Dataset extract
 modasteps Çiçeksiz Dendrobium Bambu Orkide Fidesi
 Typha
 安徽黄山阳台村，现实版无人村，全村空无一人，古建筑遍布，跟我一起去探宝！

Directions
Write the material out exactly, with nothing left out.

Response
 modasteps Çiçeksiz Dendrobium Bambu Orkide Fidesi
 Typha
 安徽黄山阳台村，现实版无人村，全村空无一人，古建筑遍布，跟我一起去探宝！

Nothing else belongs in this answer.